= Milblogging.com =

Web portal for military blogs (founded 2005)

Milblogging.com was a web portal that indexed military blogs worldwide. As of November 2007, Milblogging indexed over 1,800 military blogs in over 30 countries including those written by troops deployed to the frontlines of Iraq and Afghanistan. As of early 2016, the website had become no longer reachable.

==History==
Milblogging was founded by Jean-Paul Borda in 2005. Prior to Milblogging, Borda ran a military blog from Afghanistan while deployed with the Army National Guard during Operation Enduring Freedom. His original military blog "The National Guard Experience" was written as a means to stay in touch with family, friends and supporters while on deployment. Frustrated by a lack of media coverage on the positive accomplishments of the U.S. military in Iraq and Afghanistan and wanting an easy way to find military blogs, Borda decided during his deployment to create an aggregator site of military-related blogs from around the world when he returned to the United States.

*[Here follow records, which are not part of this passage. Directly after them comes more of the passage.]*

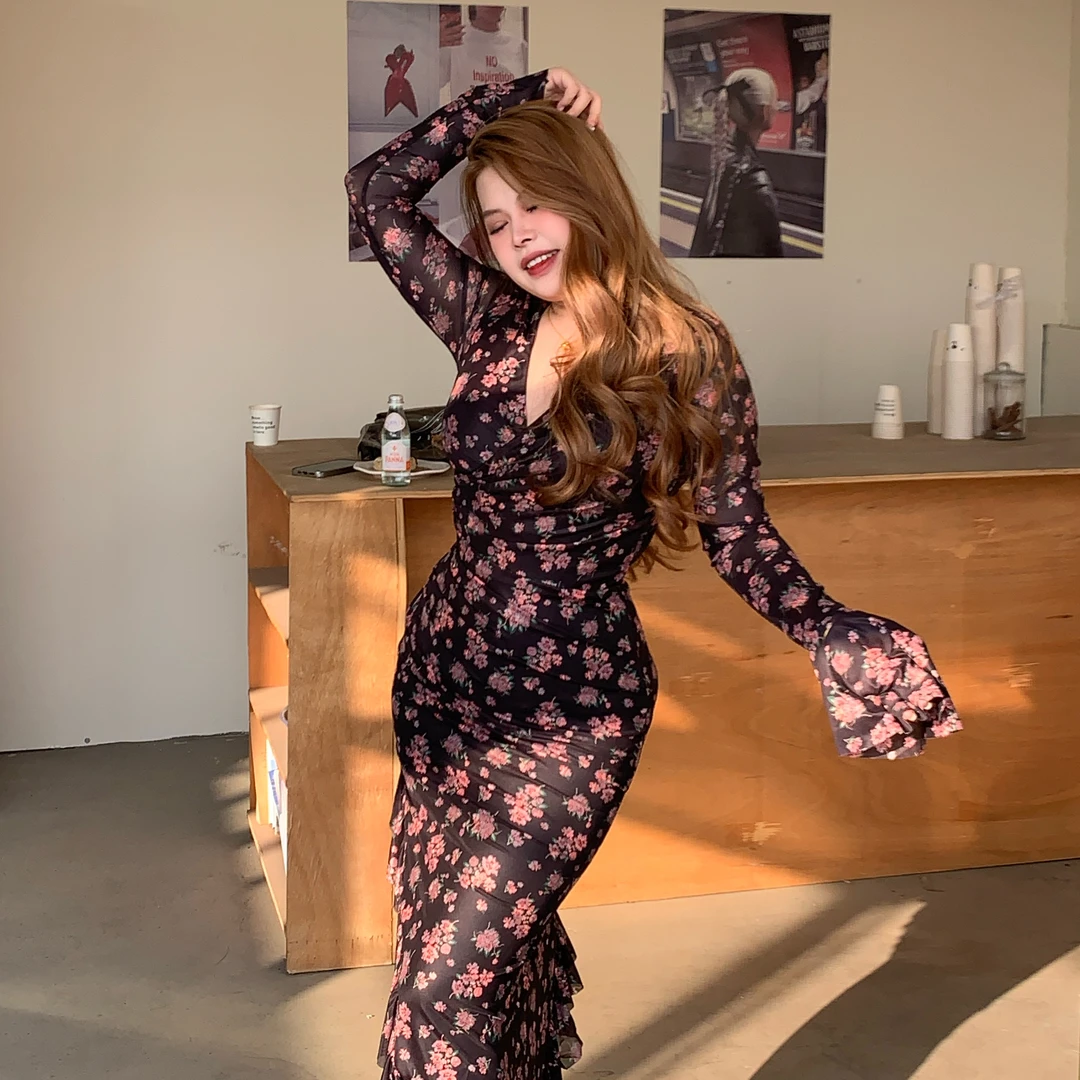 复古开叉收腰修身显瘦度假风碎花小众设计感印花包臀连衣裙女G073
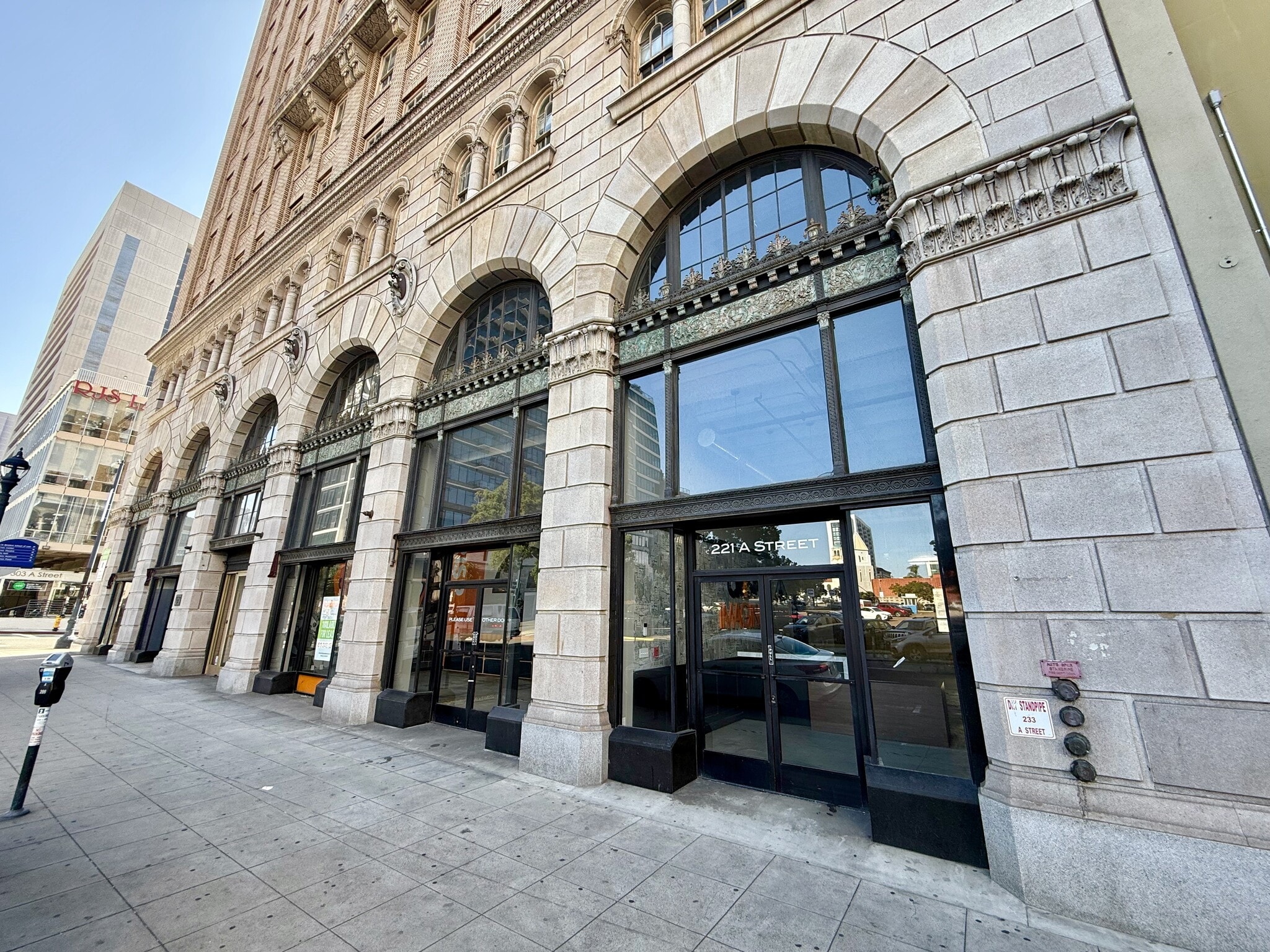 233 A St, San Diego, CA à vendre Photo intérieure- Image 1 de 4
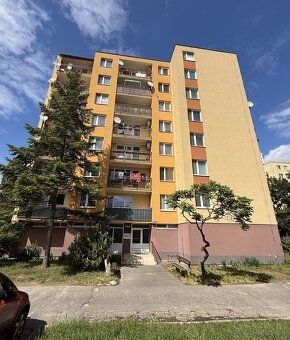 KOMFORTNÉ BÝVANIE PRE RODINU - BALKÓN , KLÍMA, CENTRUM NABLÍ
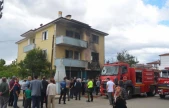 Televizyon, 3 Katlı Evi Küle Çevirdi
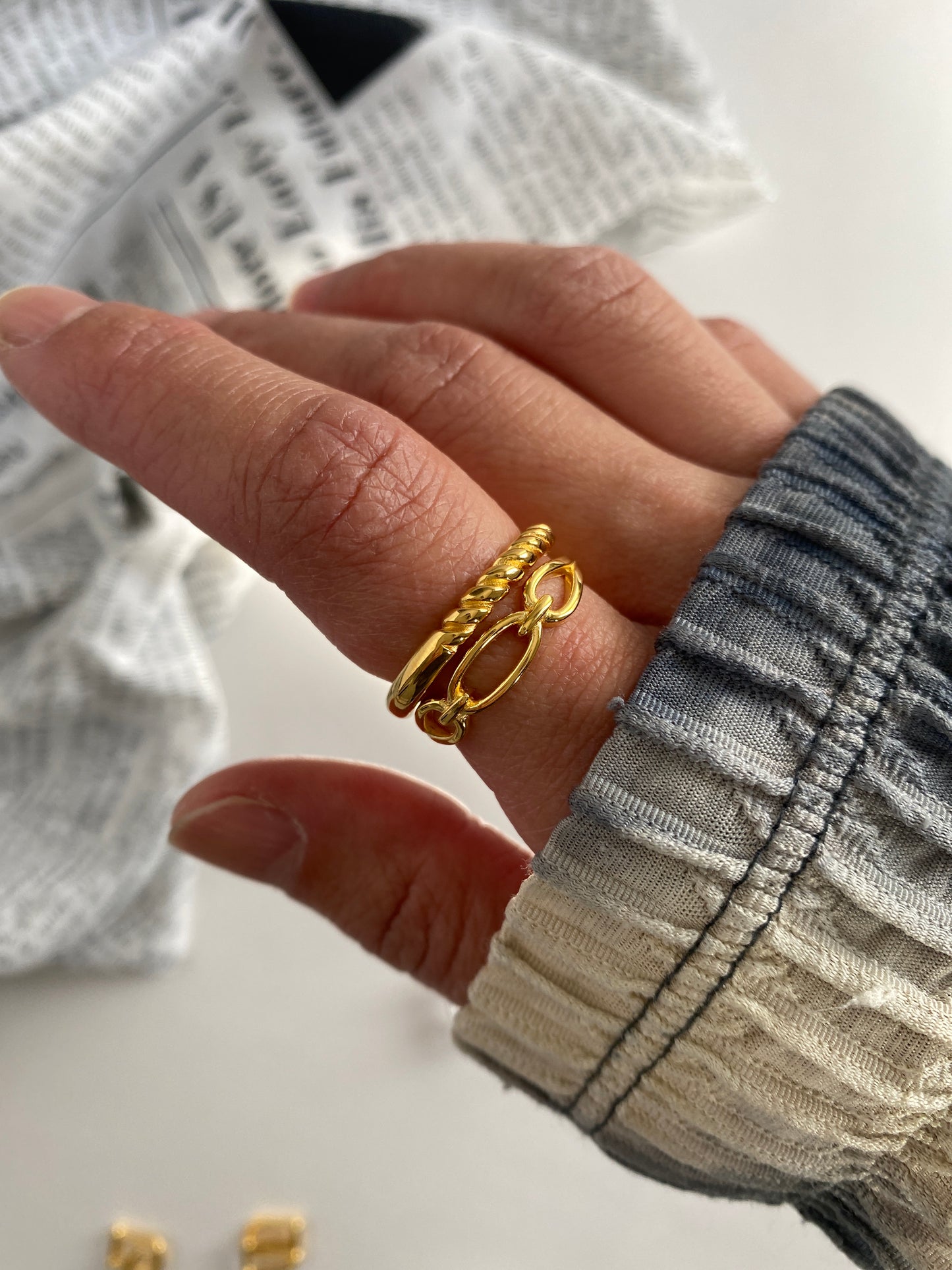 Twisted Band Adjustable 18k Ring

The website was launched in October 2005 and quickly garnered attention from media and blogs. By the end of December 2005, the website had been featured in several major media publications, including the Army Times, Newsweek, and the Washington Post. In September 2007, U.S. President George W. Bush met with military bloggers, including two from milblogging.com.

Milblogging was acquired in January 2006 by Military.com, which is owned by Monster.com.